• **Required work**
The records are set out below this line. Return exactly the lines from the one containing "BMW X5 2007" through the last, and exclude the pictures.

• **Stored records**
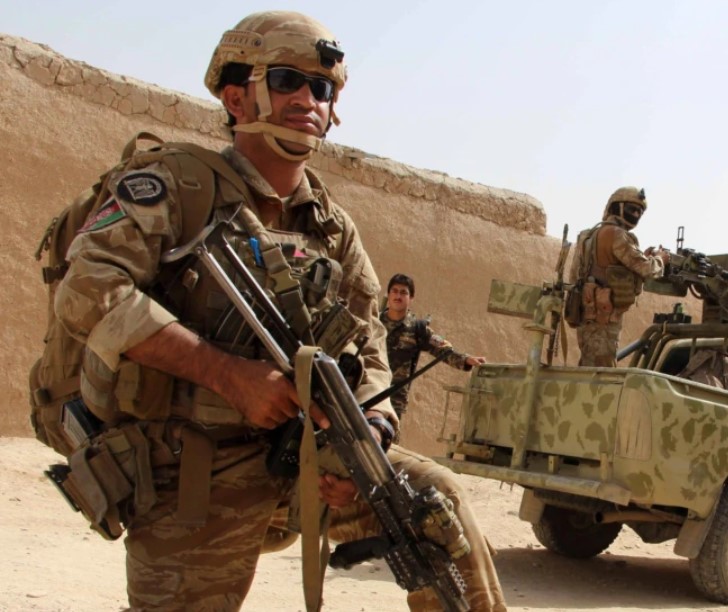 Russia Recruiting US-Trained Afghan Commandos, Former Generals Say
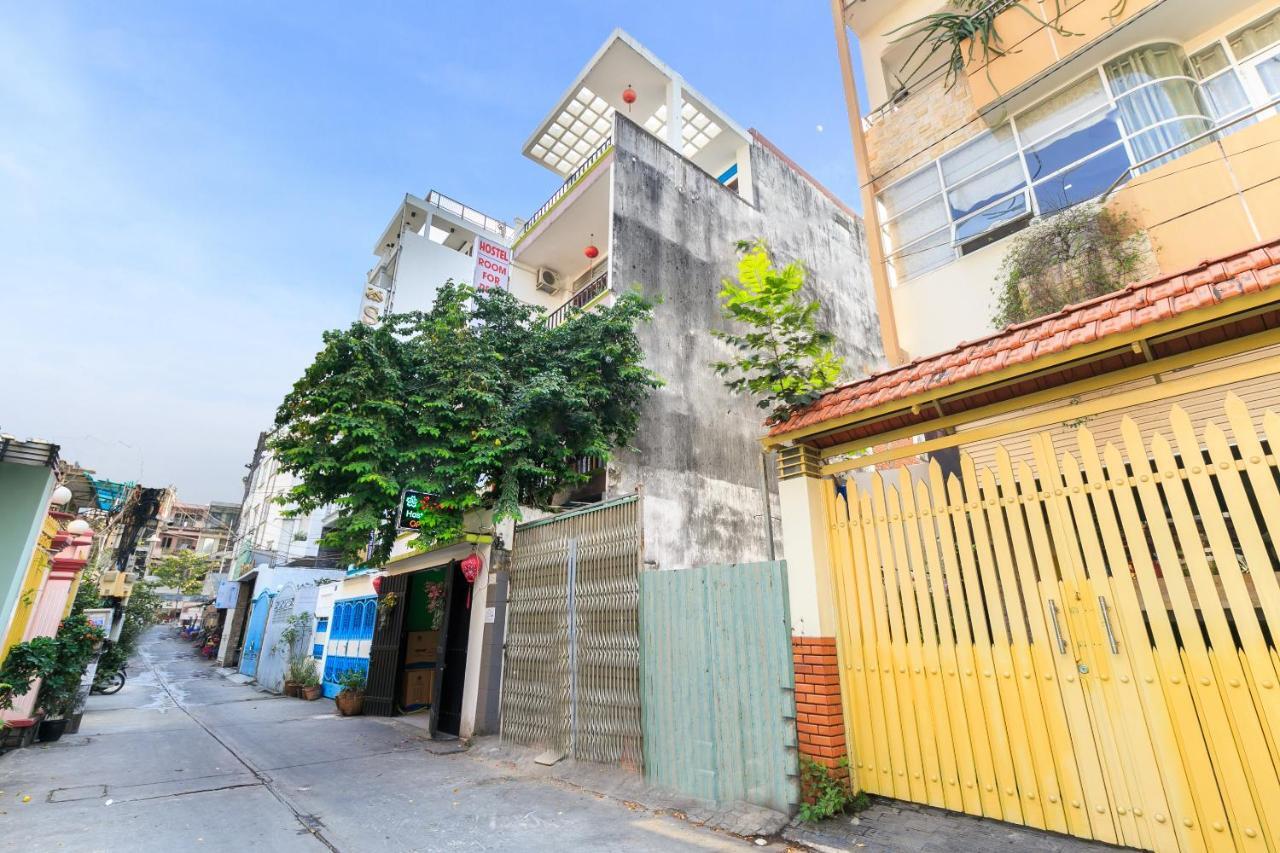 Spot On 710 Sakura Hostel Cholon ホーチミン市 エクステリア 写真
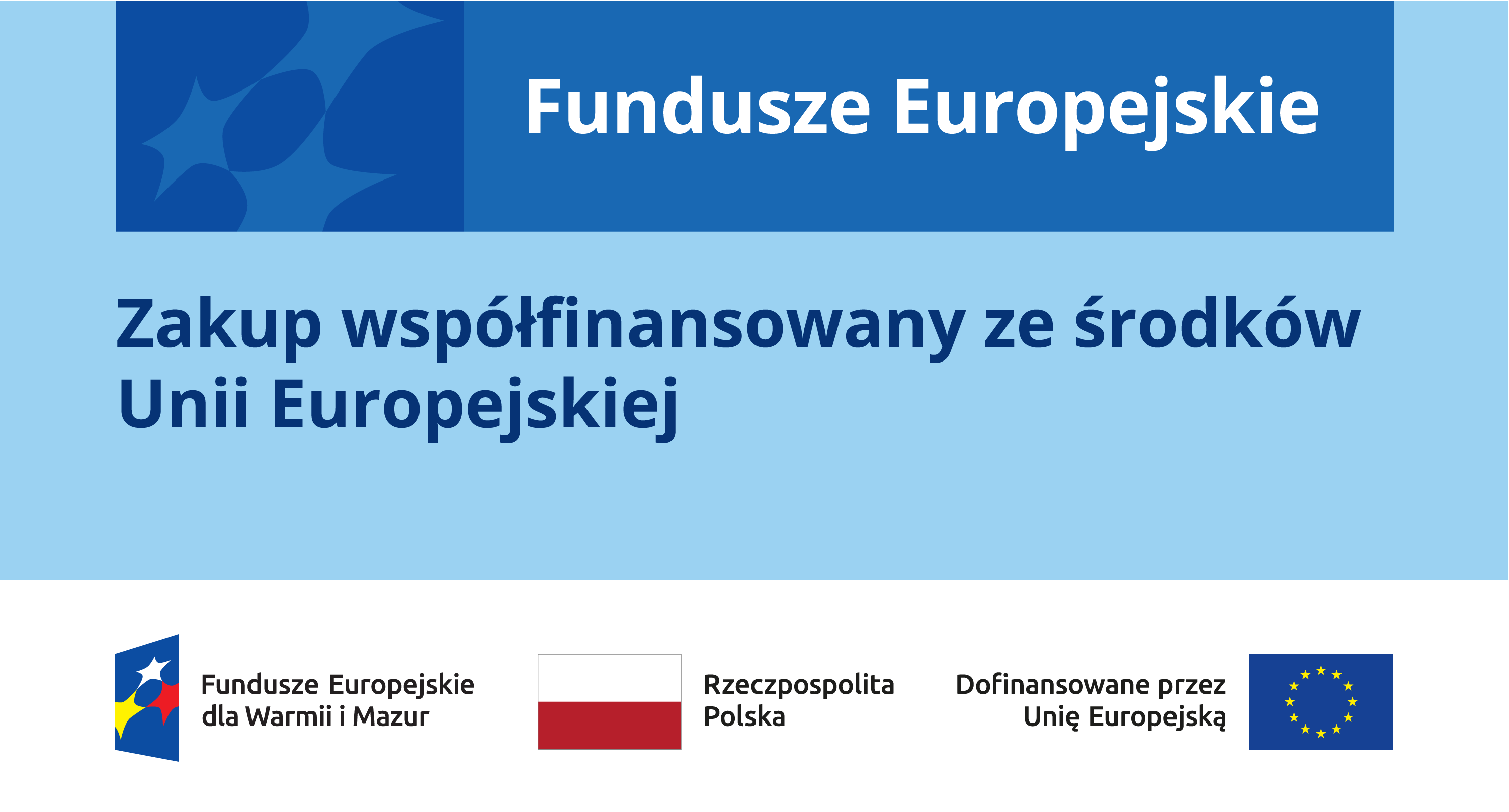 Baner projektu
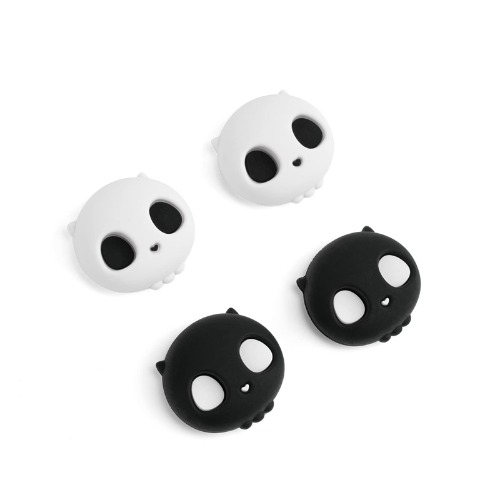 GeekShare Cute Silicone Halloween Joycon Thumb Grip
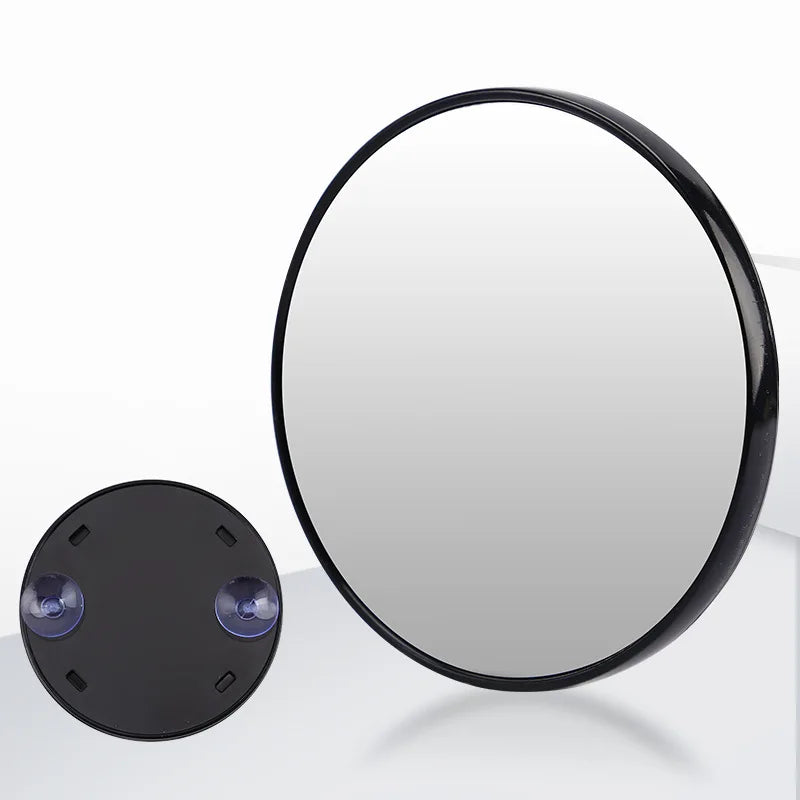 Miroir Grossissant Ventouse — 5X, 10X ou 15X, Salle de Bain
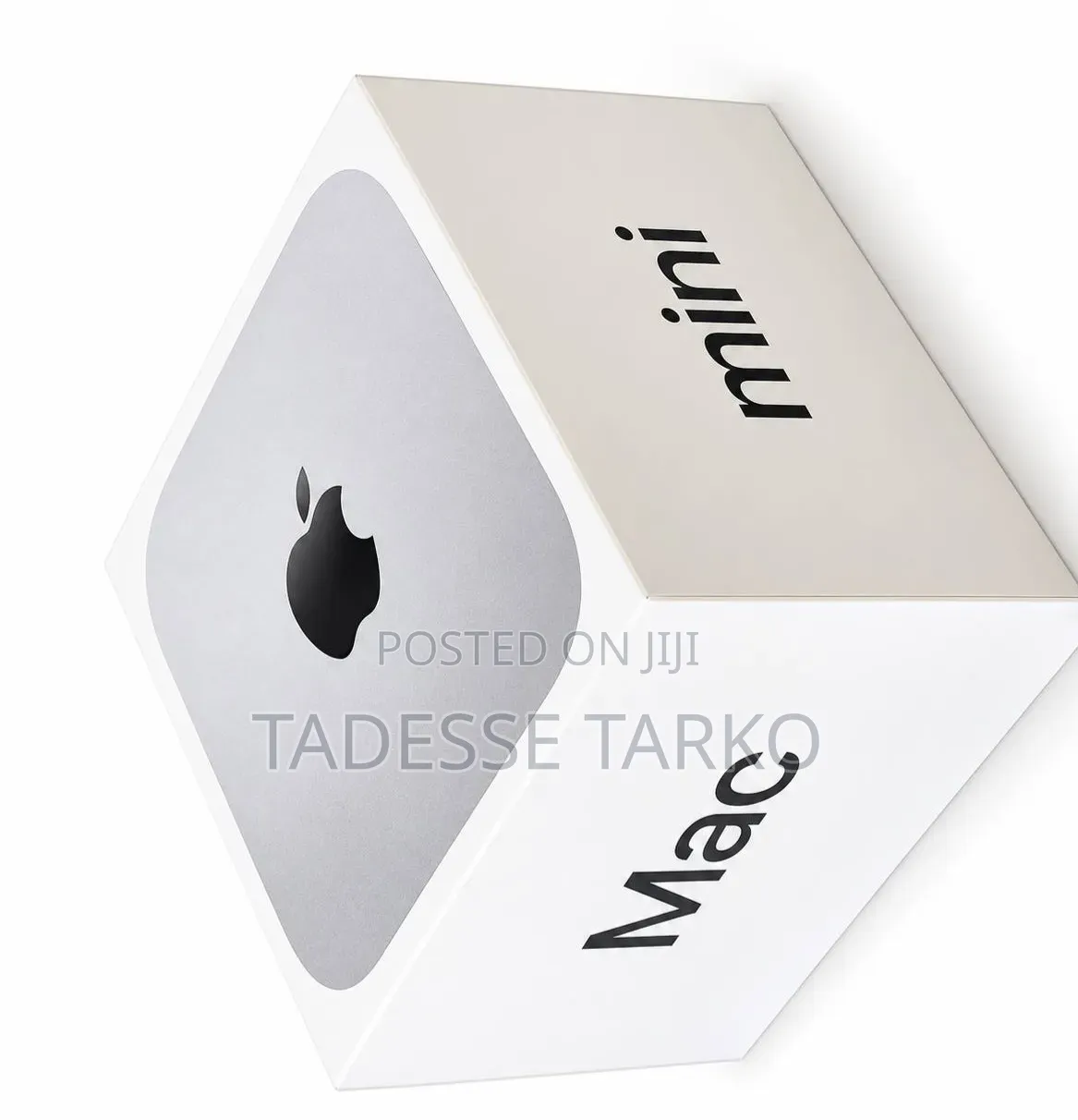New Desktop Computer Apple Mac Mini 16GB SSD 256GB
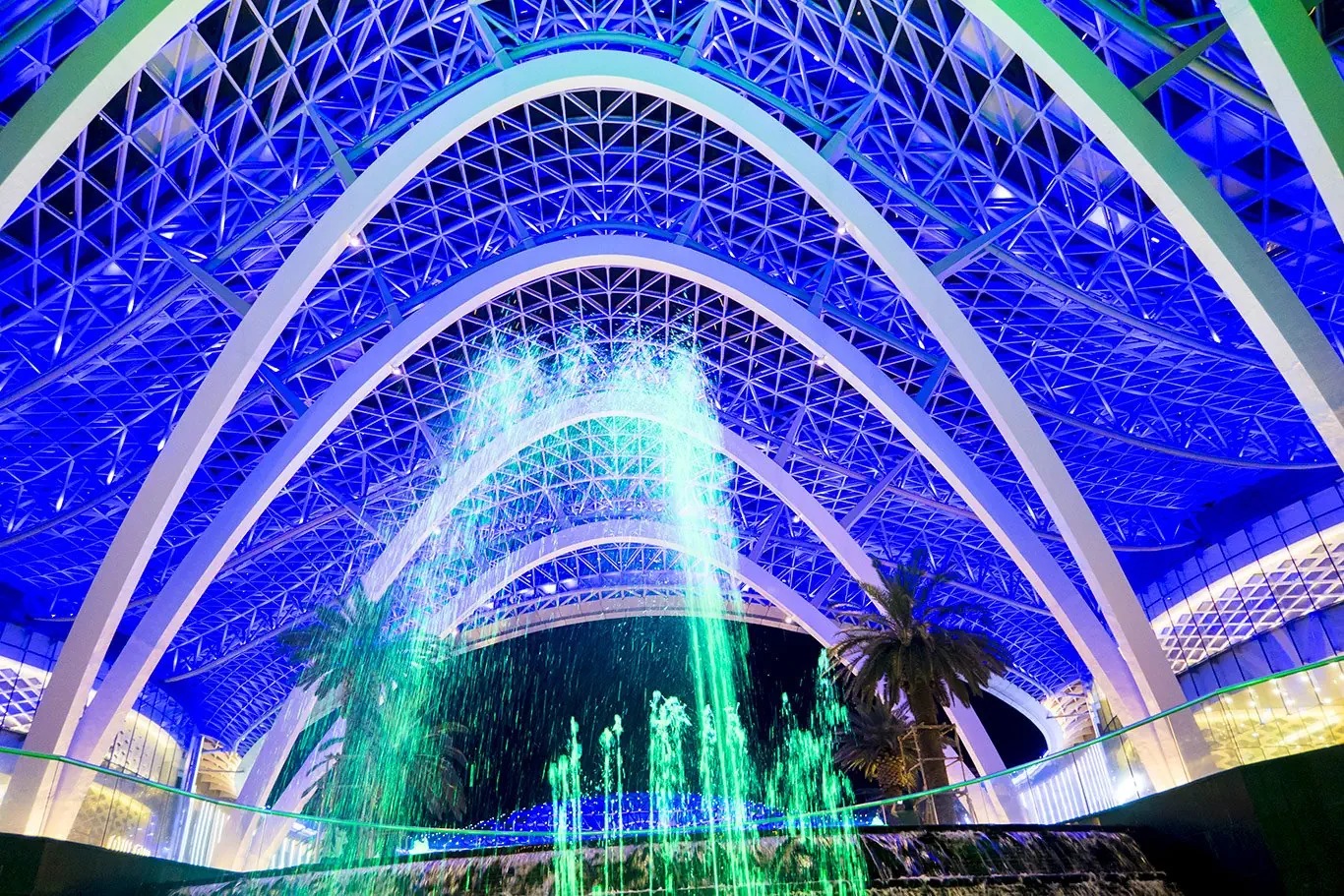 Chiny - pandy, Chongqing i tropikalna Sanya - zdjęcie 5
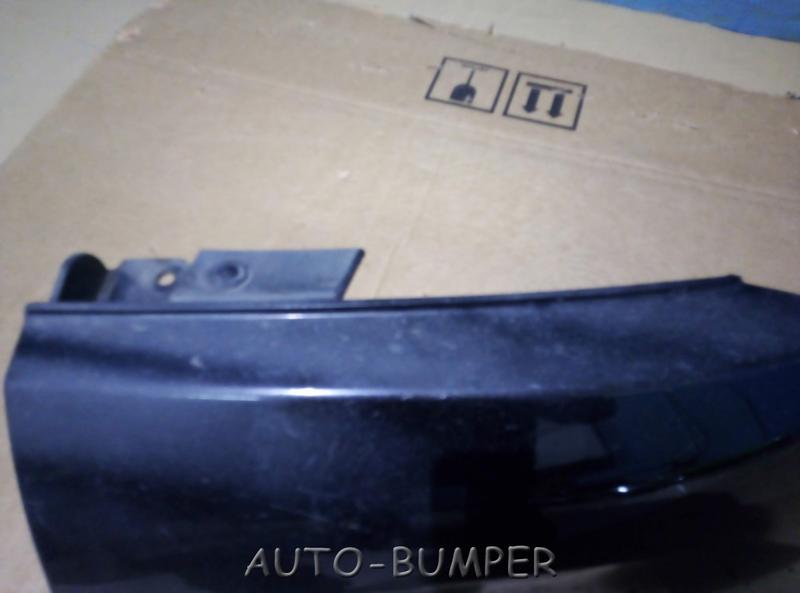 Mercedes Benz ML W166 2012- Накладка заднего бампера правая A1668856325 A 166 885 63 25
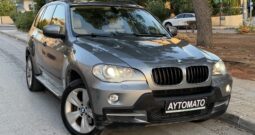 BMW X5 2007  X-DRIVE 3.0 SI AUTO SPORT PACKET ΕΛΛΗΝΙΚΟ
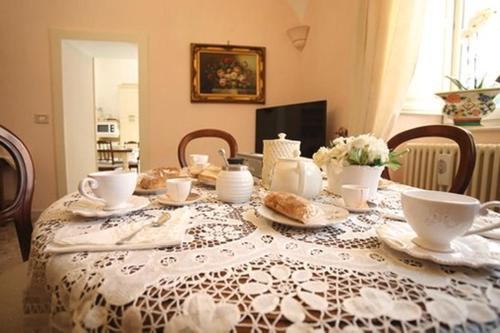 Le Scalelle B&B in San Potito Sannitico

• **Response to the task**
 BMW X5 2007  X-DRIVE 3.0 SI AUTO SPORT PACKET ΕΛΛΗΝΙΚΟ
 Le Scalelle B&B in San Potito Sannitico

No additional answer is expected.